Exercise goal — As the answer, set down the lines below from the one containing "More mileage, more" through the one containing "Gathering Haybales, a", exactly and inclusively, and no others.

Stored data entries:
※
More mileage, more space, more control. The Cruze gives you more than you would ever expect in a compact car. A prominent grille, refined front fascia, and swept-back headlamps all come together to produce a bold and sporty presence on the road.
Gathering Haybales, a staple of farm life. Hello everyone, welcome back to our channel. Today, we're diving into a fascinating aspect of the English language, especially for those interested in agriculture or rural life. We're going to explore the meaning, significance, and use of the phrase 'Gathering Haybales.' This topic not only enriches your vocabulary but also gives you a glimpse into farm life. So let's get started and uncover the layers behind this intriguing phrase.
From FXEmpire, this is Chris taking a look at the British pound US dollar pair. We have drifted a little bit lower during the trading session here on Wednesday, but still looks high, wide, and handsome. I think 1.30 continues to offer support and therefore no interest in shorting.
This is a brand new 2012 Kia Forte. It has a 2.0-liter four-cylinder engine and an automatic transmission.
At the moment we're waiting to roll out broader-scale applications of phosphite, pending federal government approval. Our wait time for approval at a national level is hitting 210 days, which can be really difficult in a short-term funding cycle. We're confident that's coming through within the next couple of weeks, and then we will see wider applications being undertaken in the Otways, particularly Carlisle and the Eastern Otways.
※
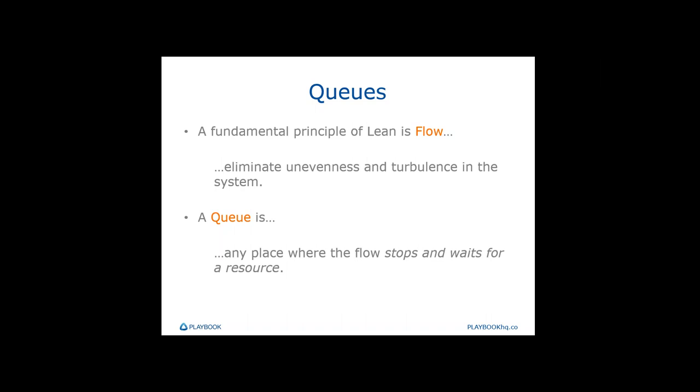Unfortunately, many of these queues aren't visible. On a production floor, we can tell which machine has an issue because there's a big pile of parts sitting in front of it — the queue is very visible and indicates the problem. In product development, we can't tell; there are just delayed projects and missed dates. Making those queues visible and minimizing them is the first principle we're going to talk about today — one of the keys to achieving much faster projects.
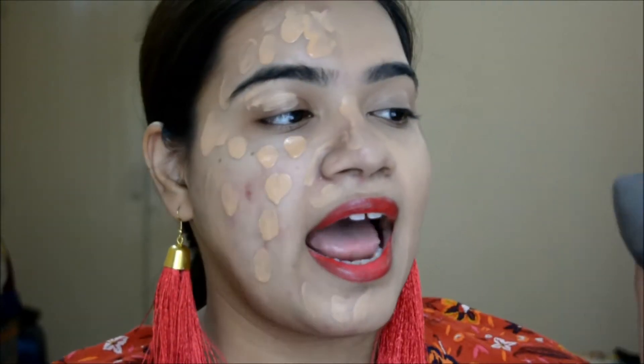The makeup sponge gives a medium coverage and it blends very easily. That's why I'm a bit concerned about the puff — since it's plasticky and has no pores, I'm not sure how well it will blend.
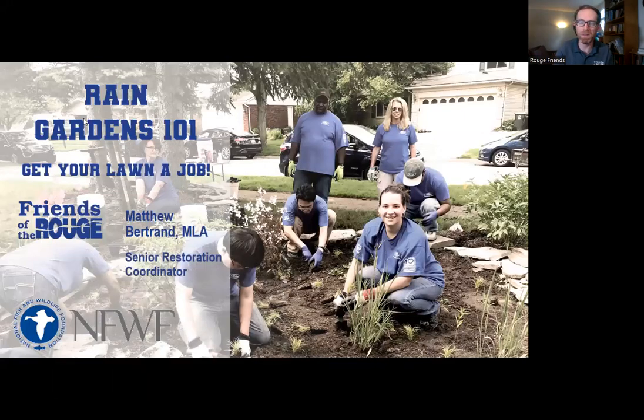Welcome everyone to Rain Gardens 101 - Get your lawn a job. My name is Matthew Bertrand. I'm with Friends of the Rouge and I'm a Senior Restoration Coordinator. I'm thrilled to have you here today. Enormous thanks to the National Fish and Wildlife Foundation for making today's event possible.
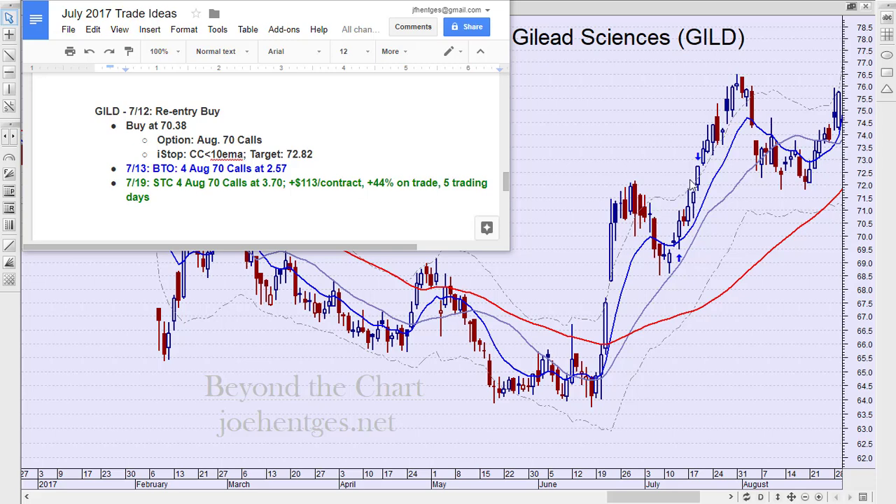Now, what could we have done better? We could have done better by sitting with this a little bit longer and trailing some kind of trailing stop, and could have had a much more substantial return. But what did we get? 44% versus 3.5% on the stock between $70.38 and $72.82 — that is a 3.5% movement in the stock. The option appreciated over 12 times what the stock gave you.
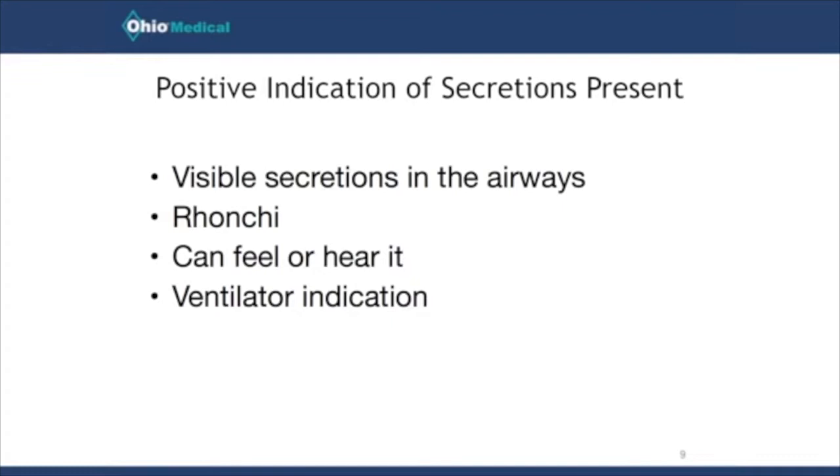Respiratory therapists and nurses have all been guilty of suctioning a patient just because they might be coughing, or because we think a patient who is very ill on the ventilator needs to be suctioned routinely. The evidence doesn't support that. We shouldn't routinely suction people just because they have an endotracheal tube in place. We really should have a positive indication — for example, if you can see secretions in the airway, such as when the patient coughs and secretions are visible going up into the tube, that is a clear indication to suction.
※
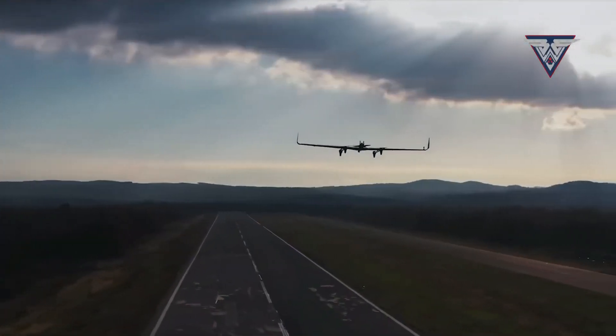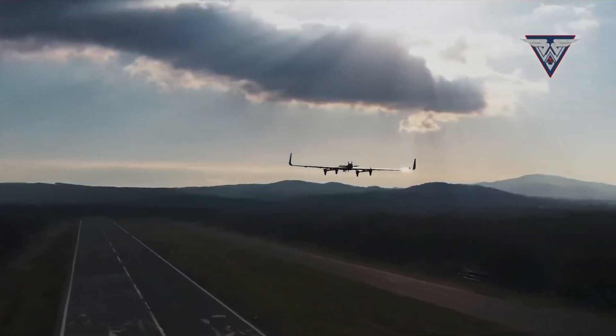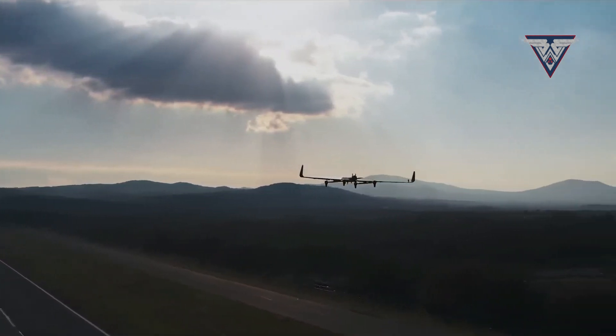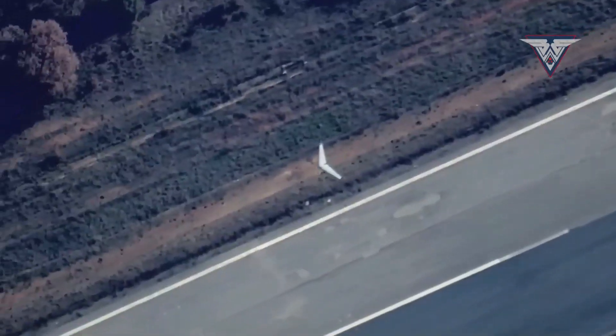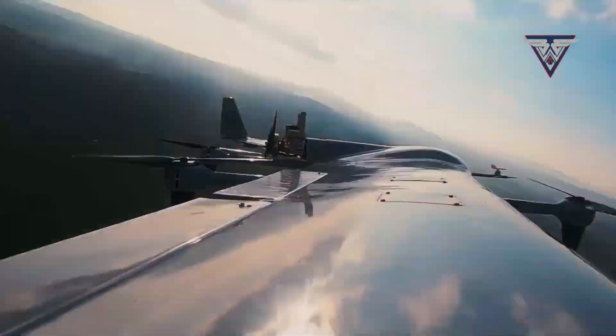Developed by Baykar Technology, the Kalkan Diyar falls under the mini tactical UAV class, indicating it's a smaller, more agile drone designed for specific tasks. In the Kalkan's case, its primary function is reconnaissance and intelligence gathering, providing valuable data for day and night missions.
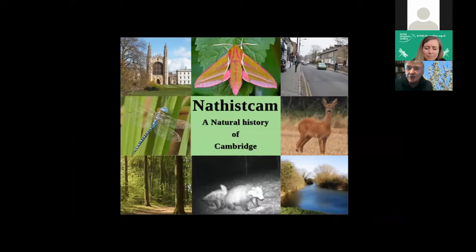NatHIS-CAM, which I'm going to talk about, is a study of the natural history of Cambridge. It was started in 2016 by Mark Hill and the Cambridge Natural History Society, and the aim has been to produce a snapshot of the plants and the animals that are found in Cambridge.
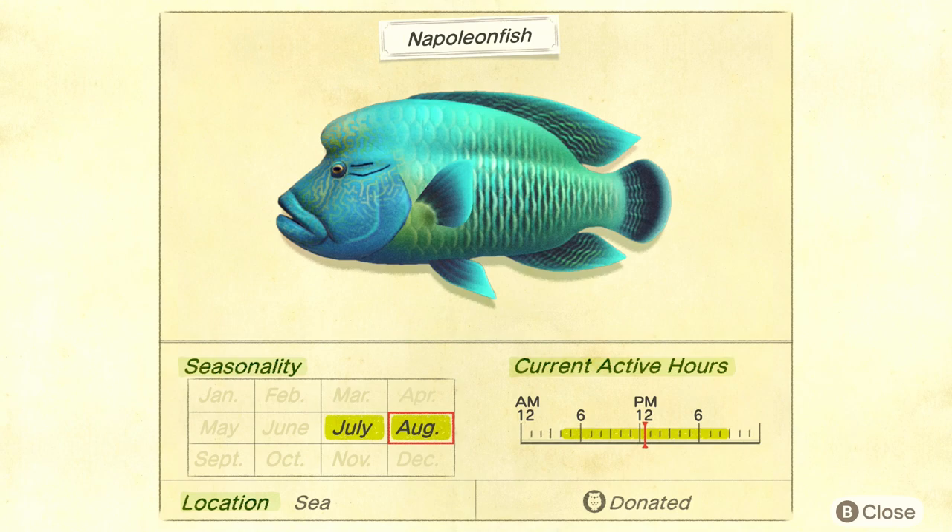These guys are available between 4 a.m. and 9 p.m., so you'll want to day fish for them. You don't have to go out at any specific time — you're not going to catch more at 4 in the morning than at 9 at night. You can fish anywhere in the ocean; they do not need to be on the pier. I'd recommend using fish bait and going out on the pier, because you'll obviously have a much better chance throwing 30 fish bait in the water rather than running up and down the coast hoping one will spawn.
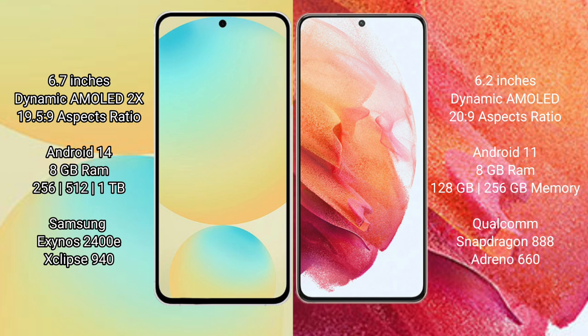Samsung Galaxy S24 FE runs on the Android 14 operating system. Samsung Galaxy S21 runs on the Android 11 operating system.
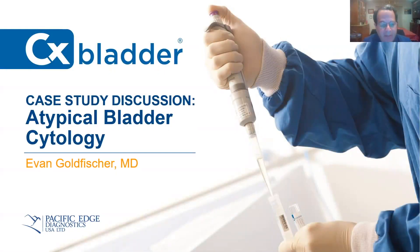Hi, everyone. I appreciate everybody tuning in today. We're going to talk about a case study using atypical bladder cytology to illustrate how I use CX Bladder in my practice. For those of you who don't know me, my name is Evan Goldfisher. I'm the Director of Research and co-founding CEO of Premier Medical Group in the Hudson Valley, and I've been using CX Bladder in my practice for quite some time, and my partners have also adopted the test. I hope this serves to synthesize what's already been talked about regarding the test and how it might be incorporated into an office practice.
※
Result —
More mileage, more space, more control. The Cruze gives you more than you would ever expect in a compact car. A prominent grille, refined front fascia, and swept-back headlamps all come together to produce a bold and sporty presence on the road.
Gathering Haybales, a staple of farm life. Hello everyone, welcome back to our channel. Today, we're diving into a fascinating aspect of the English language, especially for those interested in agriculture or rural life. We're going to explore the meaning, significance, and use of the phrase 'Gathering Haybales.' This topic not only enriches your vocabulary but also gives you a glimpse into farm life. So let's get started and uncover the layers behind this intriguing phrase.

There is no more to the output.